The model was fine-tuned on the **CIFake dataset**, which contains both real and AI-generated synthetic images:
- **Real Images:** Collected from the CIFAR-10 dataset.
- **Fake Images:** Generated using Stable Diffusion 1.4.
- **Training Data:** 100,000 images (50,000 per class).
- **Testing Data:** 20,000 images (10,000 per class).

## Model Architecture

- **Transformer Encoder Layers:** Utilizes self-attention mechanisms.
- **Positional Encodings:** Helps the model understand image structure.
- **Pretrained Weights:** Pretrained on ImageNet-21k and fine-tuned on ImageNet 2012 for enhanced performance.

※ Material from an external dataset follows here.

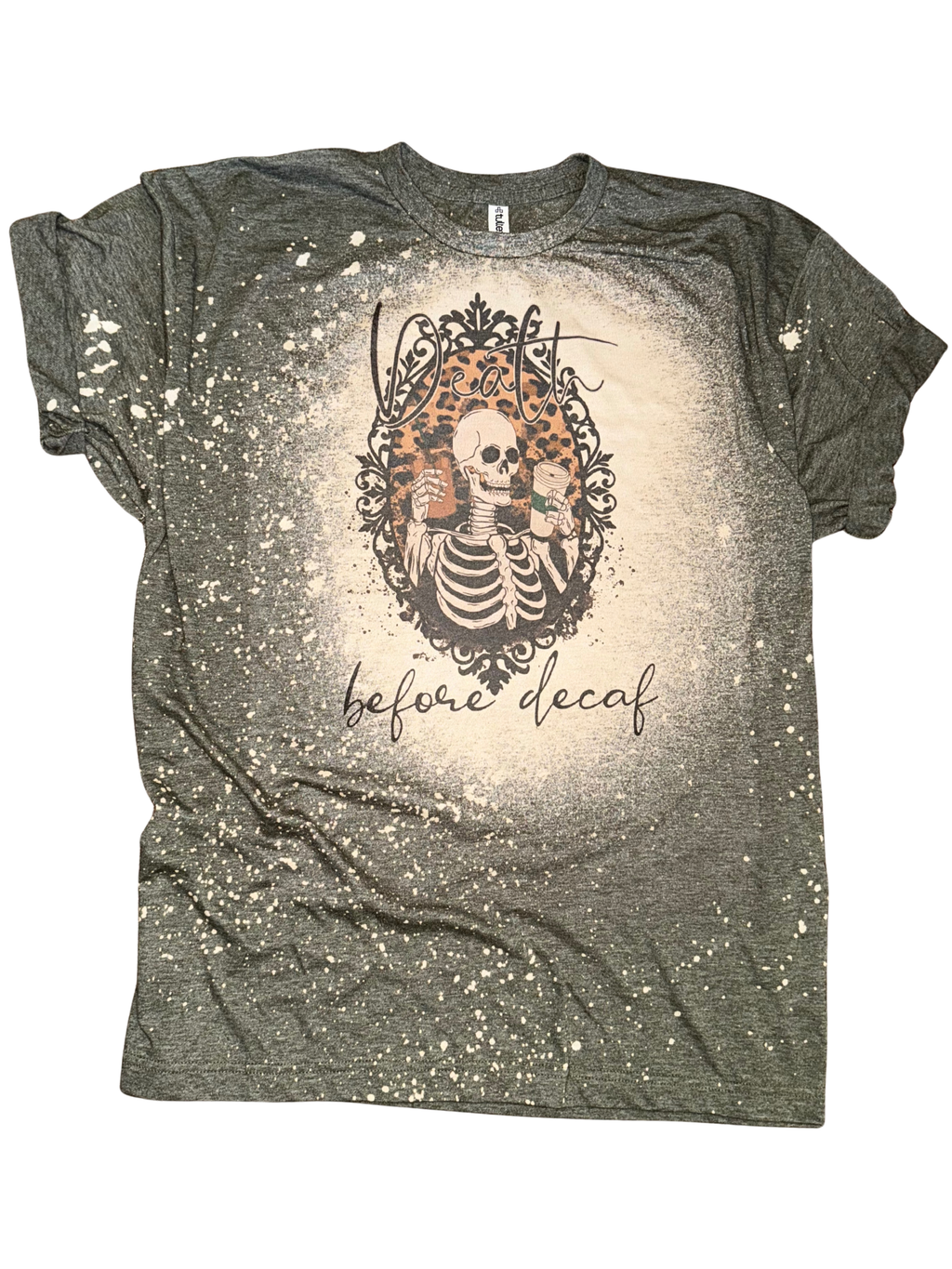 Death Before Decaf Skeleton Coffee Bleached - Adult & Kids T-Shirts, Sweatshirts & Hoodies apparel design preview 1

### Why Vision Transformer?

- **Scalability and Performance:** Excels at high-level global feature extraction.
- **State-of-the-Art Accuracy:** Leverages transformers to outperform traditional CNN models.

## Training Details

- **Learning Rate:** 0.0000001
- **Batch Size:** 64
- **Epochs:** 100
- **Training Time:** 1 hr 36 min

## Evaluation Metrics

The model was evaluated using the CIFake test dataset, with the following metrics:

- **Accuracy:** 92%
- **F1 Score:** 0.89
- **Precision:** 0.85
- **Recall:** 0.88

| Model         | Accuracy | F1-Score | Precision | Recall |
|---------------|----------|----------|-----------|--------|
| Baseline      | 85%      | 0.82     | 0.78      | 0.80   |
| Augmented     | 88%      | 0.85     | 0.83      | 0.84   |
| Fine-tuned ViT| **92%**  | **0.89** | **0.85**  | **0.88**|

## Evaluation Fig:
![image/png](https://cdn-uploads.huggingface.co/production/uploads/640ed1fb06c3b5ca883d5ad5/vmiE8IhMLUwJIOLK-Q9dT.png)

## System Workflow

- **Frontend:** ReactJS
- **Backend:** Python Flask
- **Database:** PostgreSQL(Supabase)
- **Model:** Deployed via Pytorch and TensorFlow frameworks

## Strengths and Limitations

### Strengths:
- **High Accuracy:** Achieves state-of-the-art performance in distinguishing real and synthetic images.
- **Pretrained on ImageNet-21k:** Allows for efficient transfer learning and robust generalization.

### Limitations:
- **Synthetic Image Diversity:** The model may underperform on novel or unseen synthetic images that are significantly different from the training data.
- **Data Bias:** Like all machine learning models, its predictions may reflect biases present in the training data.

## Conclusion and Future Work

This model provides a highly effective tool for detecting AI-generated synthetic images and has promising applications in content moderation, digital forensics, and trust preservation. Future improvements may include:
- **Hybrid Architectures:** Combining transformers with convolutional layers for improved performance.
- **Multimodal Detection:** Incorporating additional modalities (e.g., metadata or contextual information) for more comprehensive detection.